### TASK GOAL
Every line from the one holding "OpenAI ra mo hinh moi anh 1" to the end of the entries should be repeated exactly, with the pictures left out.
== Segment start ==
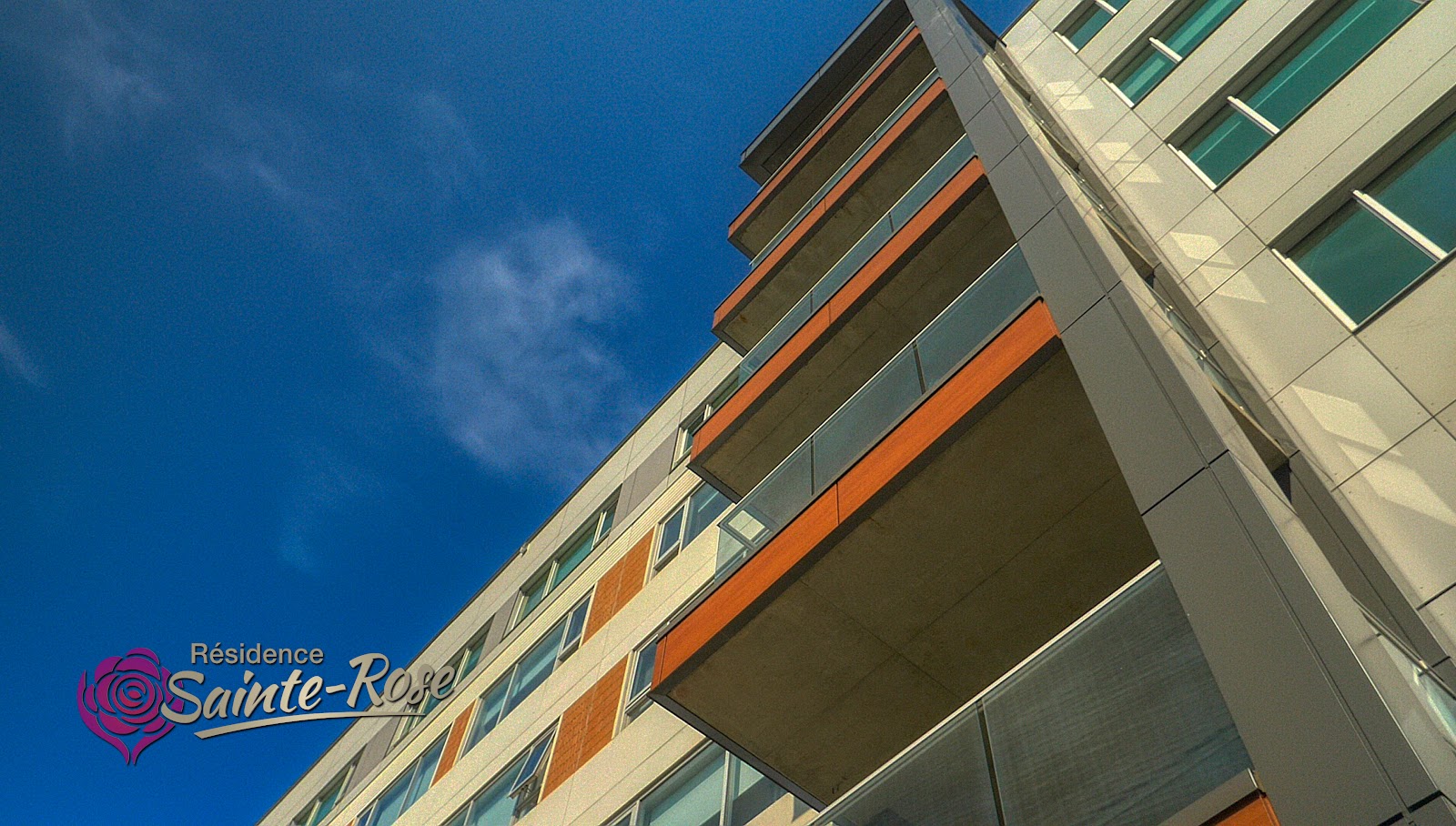 Residence Sainte Rose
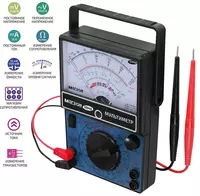   МЕГЕОН 12040 — мультиметр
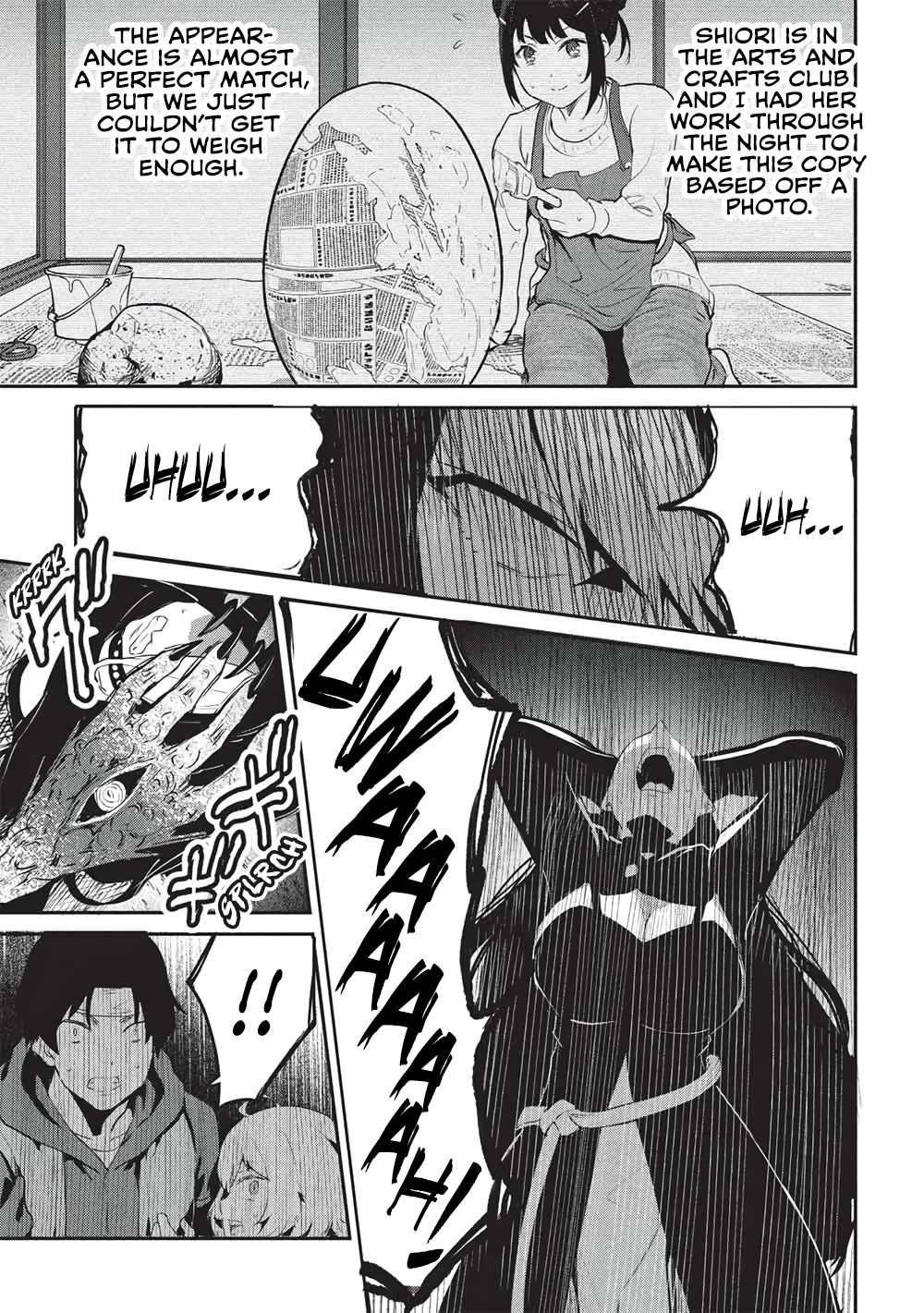Itsudemo Jitaku Ni Kaerareru Ore Wa, Isekai De Gyoushounin O Hajimemashita Chapter 66 page 15 - Chapter 66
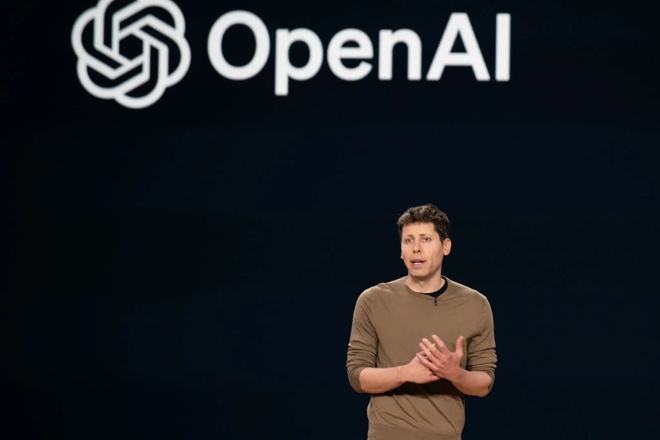 OpenAI ra mo hinh moi anh 1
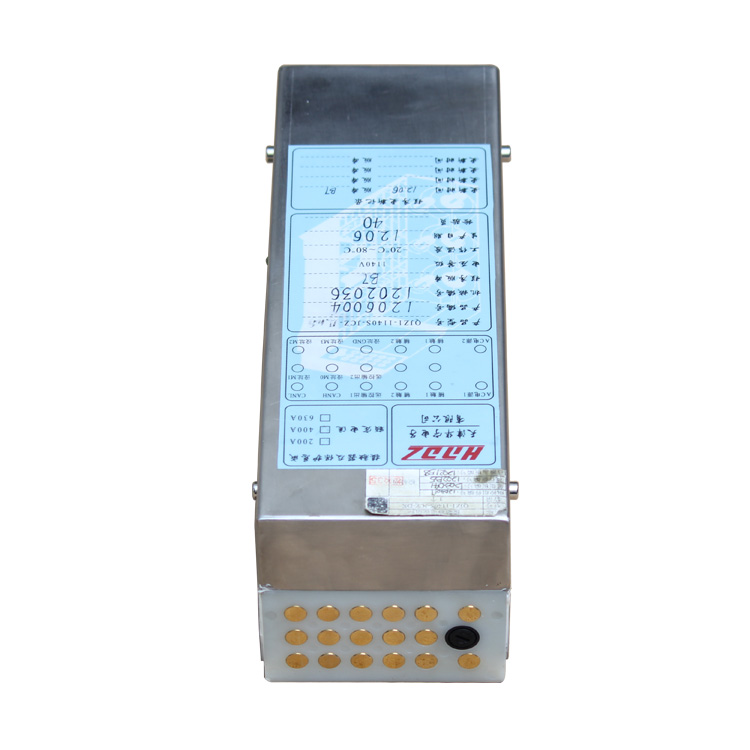 QJZ1-1140S-JCZ-DK接觸器電控組件|天津華寧 電子有限公司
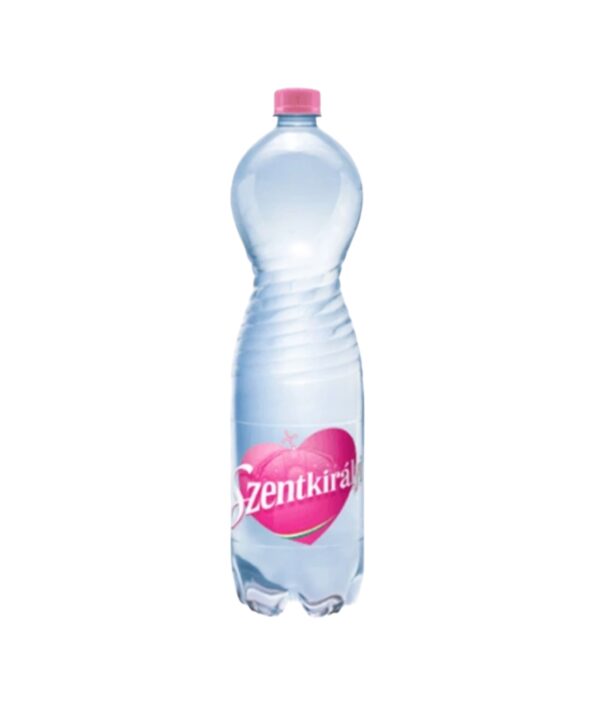 Szentkirályi szénsavmentes ásványvíz 1,5l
== Segment end ==
### ANSWER FOR THE TASK
 OpenAI ra mo hinh moi anh 1
 QJZ1-1140S-JCZ-DK接觸器電控組件|天津華寧 電子有限公司
 Szentkirályi szénsavmentes ásványvíz 1,5l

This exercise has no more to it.